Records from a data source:
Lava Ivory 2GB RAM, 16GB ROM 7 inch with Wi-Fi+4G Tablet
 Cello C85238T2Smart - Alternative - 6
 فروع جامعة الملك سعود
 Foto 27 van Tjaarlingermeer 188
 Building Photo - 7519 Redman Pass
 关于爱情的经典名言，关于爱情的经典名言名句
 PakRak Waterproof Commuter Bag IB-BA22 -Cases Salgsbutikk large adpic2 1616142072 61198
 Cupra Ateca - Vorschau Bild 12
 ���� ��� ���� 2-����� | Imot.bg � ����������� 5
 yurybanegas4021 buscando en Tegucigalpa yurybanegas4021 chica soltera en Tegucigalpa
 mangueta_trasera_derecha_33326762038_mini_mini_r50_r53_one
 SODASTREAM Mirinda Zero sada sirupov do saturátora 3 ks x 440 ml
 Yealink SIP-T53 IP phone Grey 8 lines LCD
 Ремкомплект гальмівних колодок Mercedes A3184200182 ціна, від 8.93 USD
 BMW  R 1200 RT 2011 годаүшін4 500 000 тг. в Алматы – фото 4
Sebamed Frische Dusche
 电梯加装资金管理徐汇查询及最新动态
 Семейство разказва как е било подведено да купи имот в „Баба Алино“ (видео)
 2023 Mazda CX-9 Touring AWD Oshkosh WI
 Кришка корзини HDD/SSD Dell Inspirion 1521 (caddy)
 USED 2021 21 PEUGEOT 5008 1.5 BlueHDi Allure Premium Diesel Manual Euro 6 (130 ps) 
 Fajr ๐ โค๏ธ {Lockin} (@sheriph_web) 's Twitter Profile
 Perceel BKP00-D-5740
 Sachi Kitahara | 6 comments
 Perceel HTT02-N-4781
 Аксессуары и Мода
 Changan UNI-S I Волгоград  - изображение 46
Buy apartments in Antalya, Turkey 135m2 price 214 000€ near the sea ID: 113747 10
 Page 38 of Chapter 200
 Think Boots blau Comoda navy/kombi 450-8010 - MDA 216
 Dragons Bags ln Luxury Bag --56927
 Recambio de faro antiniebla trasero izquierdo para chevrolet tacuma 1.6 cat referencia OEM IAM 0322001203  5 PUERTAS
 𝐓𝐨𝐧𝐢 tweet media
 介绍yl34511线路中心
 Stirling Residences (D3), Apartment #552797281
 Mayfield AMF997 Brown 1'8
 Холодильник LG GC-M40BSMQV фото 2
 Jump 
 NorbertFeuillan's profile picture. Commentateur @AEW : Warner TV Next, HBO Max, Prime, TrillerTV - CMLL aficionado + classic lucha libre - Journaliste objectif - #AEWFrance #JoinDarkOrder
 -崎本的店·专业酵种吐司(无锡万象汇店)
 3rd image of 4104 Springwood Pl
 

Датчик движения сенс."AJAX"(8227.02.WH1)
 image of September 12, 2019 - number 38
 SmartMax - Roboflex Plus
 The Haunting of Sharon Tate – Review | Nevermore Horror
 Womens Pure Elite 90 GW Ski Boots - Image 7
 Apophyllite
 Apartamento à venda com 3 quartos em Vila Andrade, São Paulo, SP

Instructions for the task: Word for word, restate the entries from the first line to the line that has "电梯加装资金管理徐汇查询及最新动态", both included, and nothing else.

Exercise response:
Lava Ivory 2GB RAM, 16GB ROM 7 inch with Wi-Fi+4G Tablet
 Cello C85238T2Smart - Alternative - 6
 فروع جامعة الملك سعود
 Foto 27 van Tjaarlingermeer 188
 Building Photo - 7519 Redman Pass
 关于爱情的经典名言，关于爱情的经典名言名句
 PakRak Waterproof Commuter Bag IB-BA22 -Cases Salgsbutikk large adpic2 1616142072 61198
 Cupra Ateca - Vorschau Bild 12
 ���� ��� ���� 2-����� | Imot.bg � ����������� 5
 yurybanegas4021 buscando en Tegucigalpa yurybanegas4021 chica soltera en Tegucigalpa
 mangueta_trasera_derecha_33326762038_mini_mini_r50_r53_one
 SODASTREAM Mirinda Zero sada sirupov do saturátora 3 ks x 440 ml
 Yealink SIP-T53 IP phone Grey 8 lines LCD
 Ремкомплект гальмівних колодок Mercedes A3184200182 ціна, від 8.93 USD
 BMW  R 1200 RT 2011 годаүшін4 500 000 тг. в Алматы – фото 4
Sebamed Frische Dusche
 电梯加装资金管理徐汇查询及最新动态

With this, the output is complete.